Graded nature of cortical spreading depolarizations and their occurrence in disease states. Various electrocorticogram (ECoG) measures reflect the putative pathologic severity of cortical spreading depressions (CSDs) observed in the human brain, including (1) the duration of the DC shift, (2) the duration of depression of high-frequency spontaneous activity (HF-ECoG), (3) the extent of recovery of HF-ECoG after depression, and (4) the periodicity of recurrent CSD events. At one end of the spectrum, putatively benign CSDs appear sporadically with short-lasting DC shifts and depression periods and complete recovery of HF-ECoG. At the other end, depolarization durations (DC shift) are prolonged, with persistent HF-ECoG depression and no or incomplete recovery, and events recur repetitively in clusters. This latter type shares features in common with depolarizations observed in various experimental models where (1) perfusion deficits delay membrane repolarization and recovery of HF-ECoG and (2) CSD is proven to cause pannecrosis of affected cortex. The bottom panel shows the prevalence of each type of CSD in different diseases, based on current evidence, with the full spectrum observed in malignant hemispheric stroke (acute progressive infarction) but only short-lasting events believed to occur in migraine (no acute cortical damage).
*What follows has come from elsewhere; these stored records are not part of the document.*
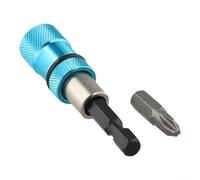 Lot de 2 porte-embouts magnétiques en acier au chrome vanadium avec tige hexagonale de 6,35 mm pour tournevis électrique et perceuse, rouge, argent, noir, bleu (bleu)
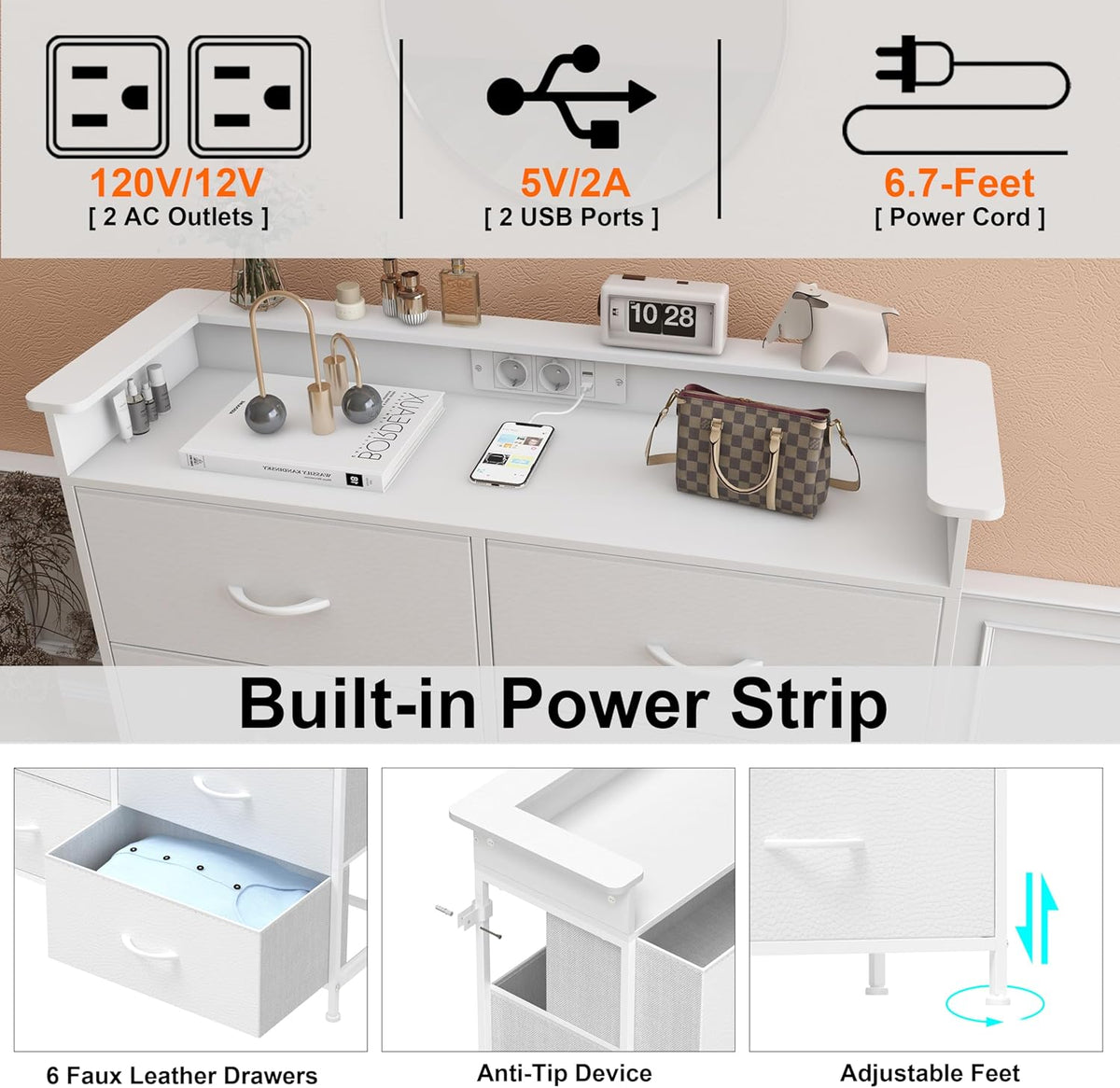 VEDECASA Commode met 6 laden en LED-verlichting. Dressoir met 2 USB-poorten & 2 stopcontacten. Opbergtoren met kast voor slaapkamer, woonkamer en hal, metalen frame, houten plaat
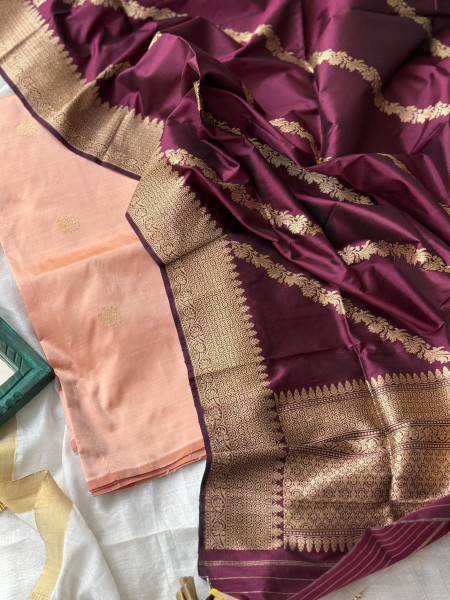 PEACH-WINE ZARI WOVEN BANARSI SILK SHIRT-dupatta Set
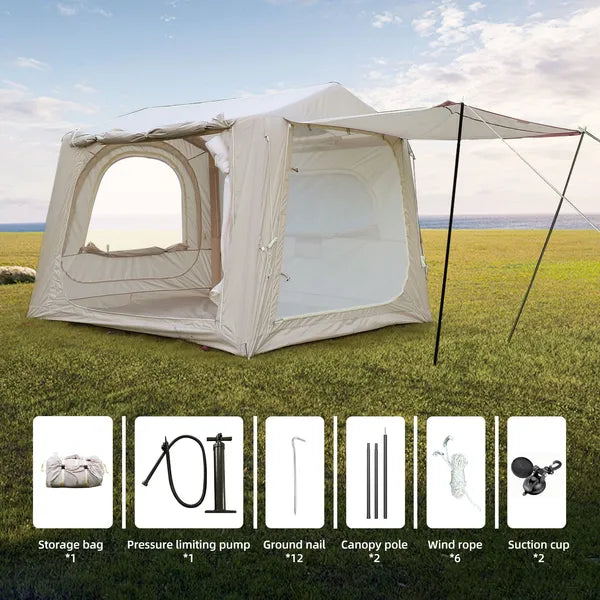 Inflatable SUV Camping Tent 4 Season 9.8 x 8.2 ft Beige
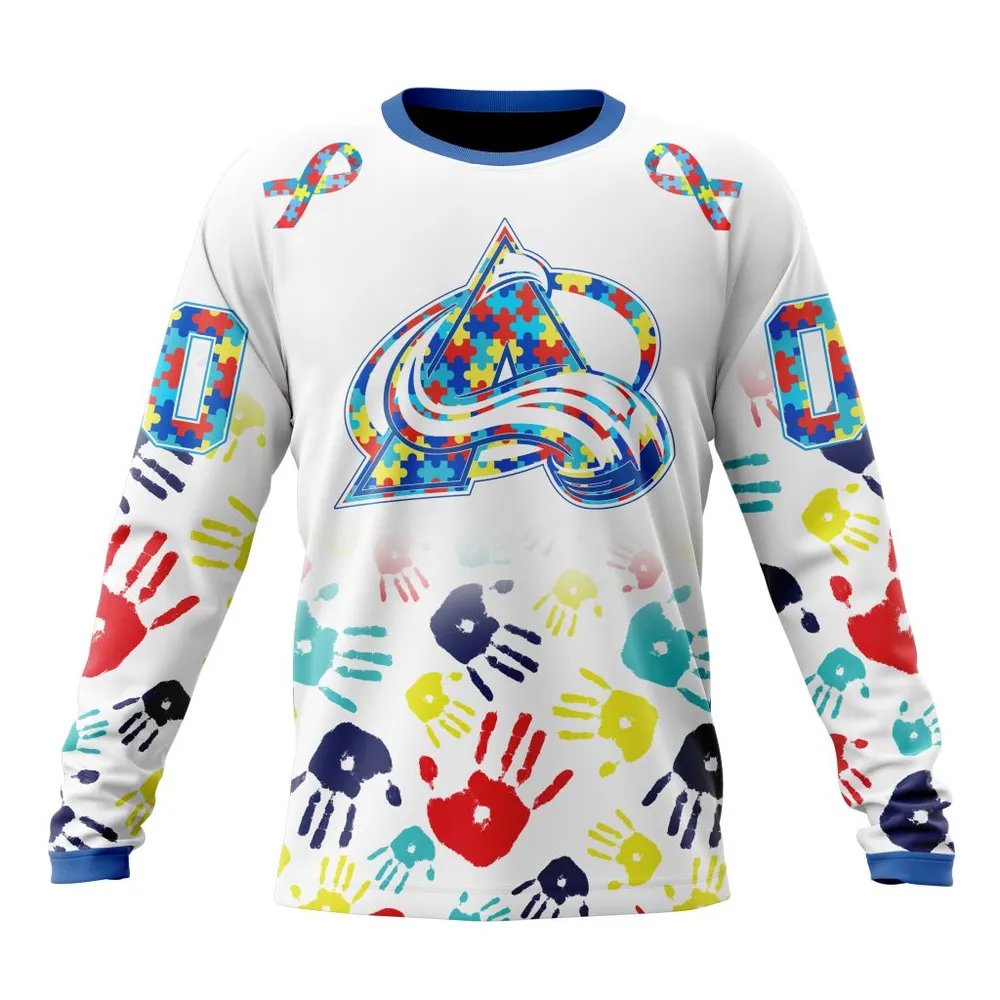 NHL Colorado Avalanche Special Autism Awareness Design St2203 Long Sleeved Sweatshirt 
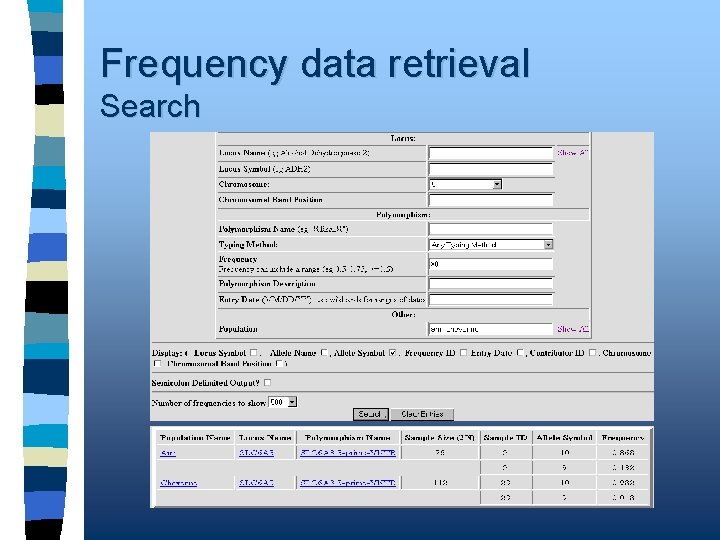 Frequency data retrieval Search 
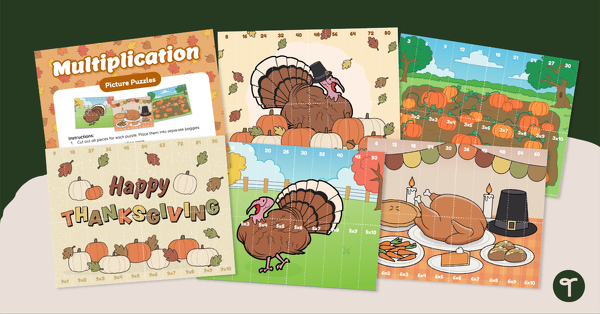 Thanksgiving Picture Puzzles - Multiplication teaching resource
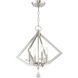 Diamond 4 Light 18 inch Polished Nickel Mini Chandelier Ceiling Light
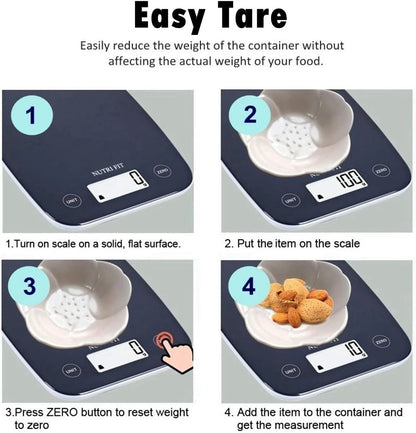 Professional Digital Kitchen Scale, 11 lb Capacity, Precision Measurement in Grams and Ounces (0.1 oz / 1 g)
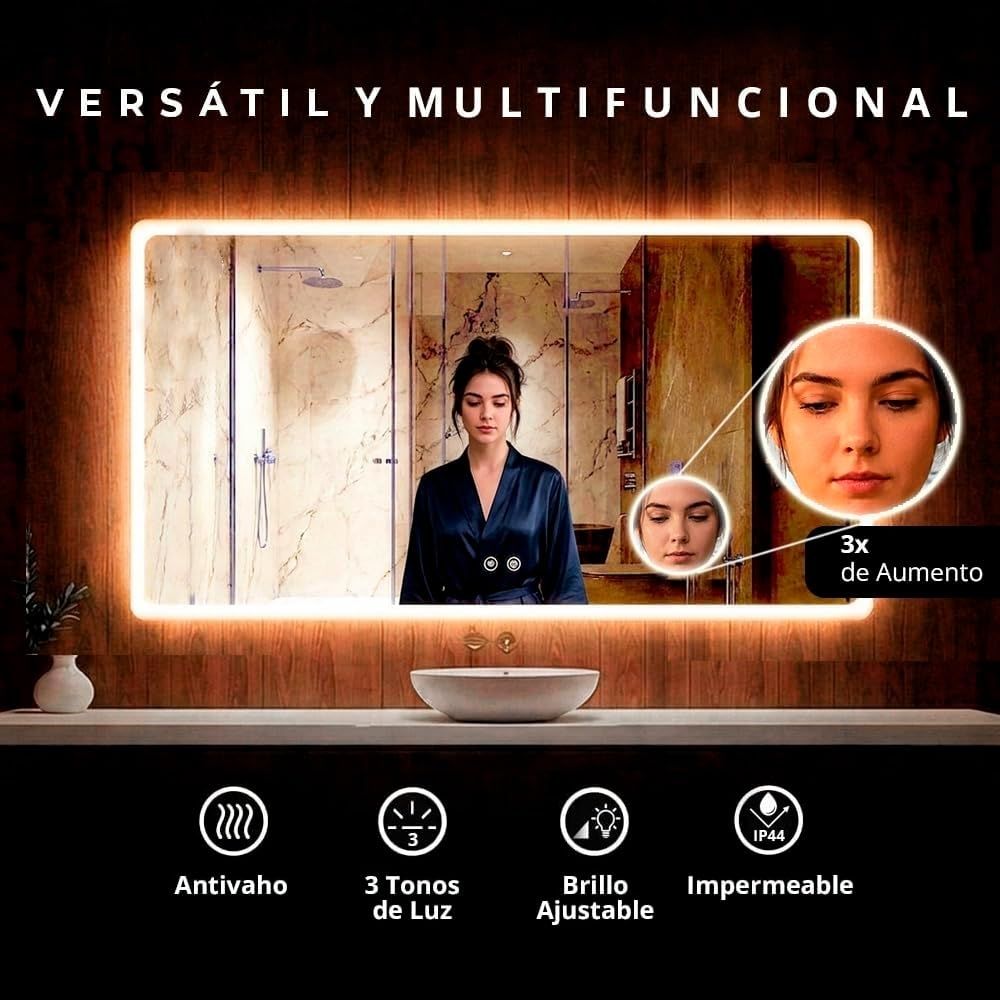 Acercamiento a la lente de Zoom X3 integrada en el espejo LED para maquillaje de precisión y afeitado.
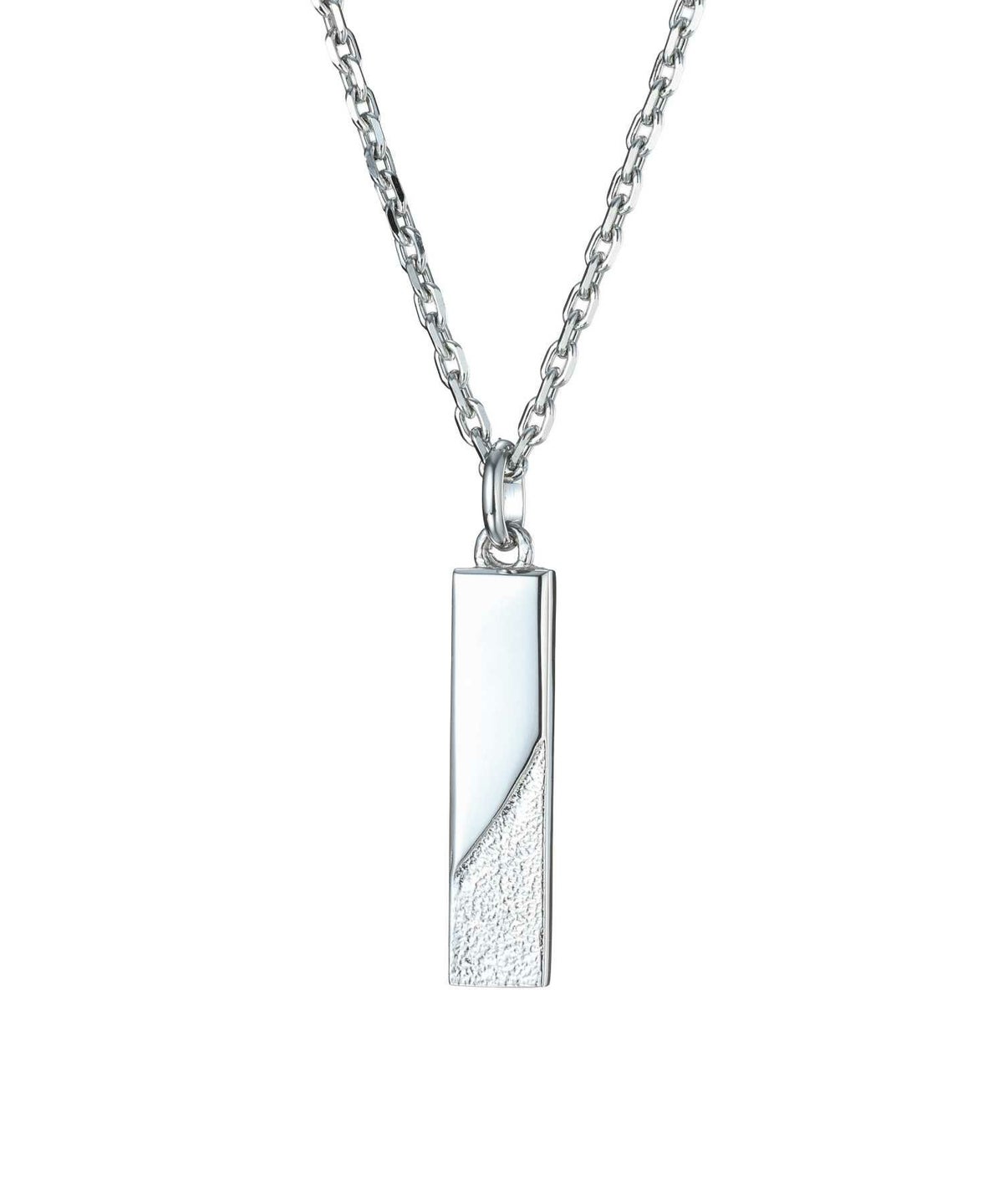 【WEB限定】トライネックレス/サンドプレート/サージカルステンレス（シルバー・ブラック）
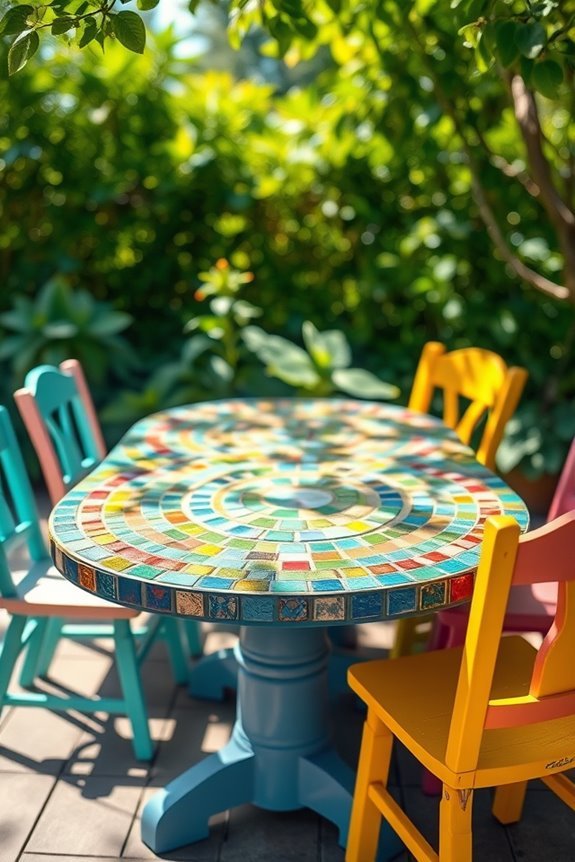 colorful mosaic outdoor dining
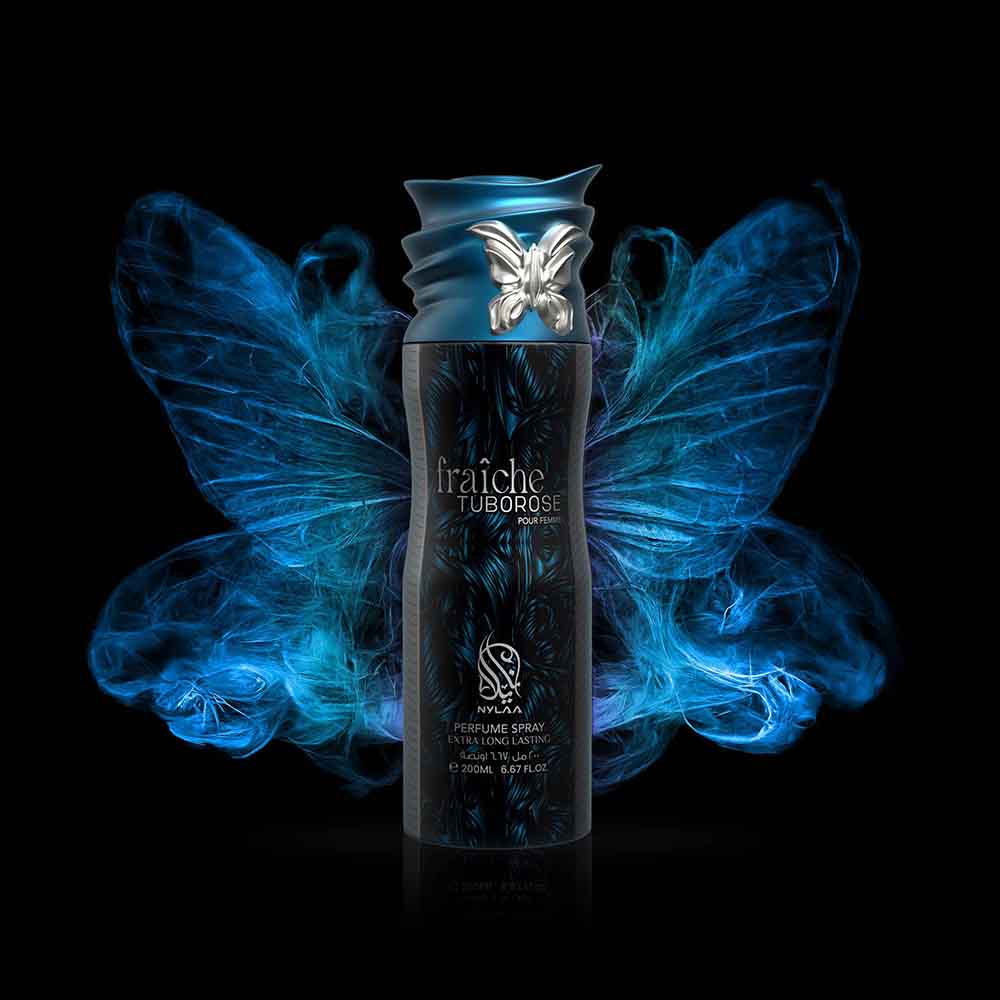 A black & blue body spray bottle creative poster from Nylaa by Savia Exclusive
In some patients, the severity of CSD may increase progressively after injury through hours or days of recurring events.

Figure 7

Repetitive cycles of cortical spreading depression (CSD) during sustained elevated ICP in an elderly patient with delayed deterioration associated with a severe right temporo-parietal traumatic contusion. Top and middle traces show the low-frequency (LF-electrocorticogram (ECoG); low-pass filtered at 0.05 Hz) and high-frequency (HF-ECoG; high-pass filtered at 0.5 Hz) components of recordings from three bipolar channels of a linear subdural electrode strip. Arrows highlight individual CSDs, evidenced as propagating, large amplitude slow potential changes causing the suppression of HF-ECoG. Fourteen CSDs occurred in the 8-hour epoch shown; overall, a total of 105 CSDs were recorded in this patient during 70 hours of ECoG monitoring. Throughout this period, ICP remained elevated >20 mm Hg and often persisted at 30 to 40 mm Hg. The patient died 5 days after injury on withdrawal of ventilator support, in compliance with her living will.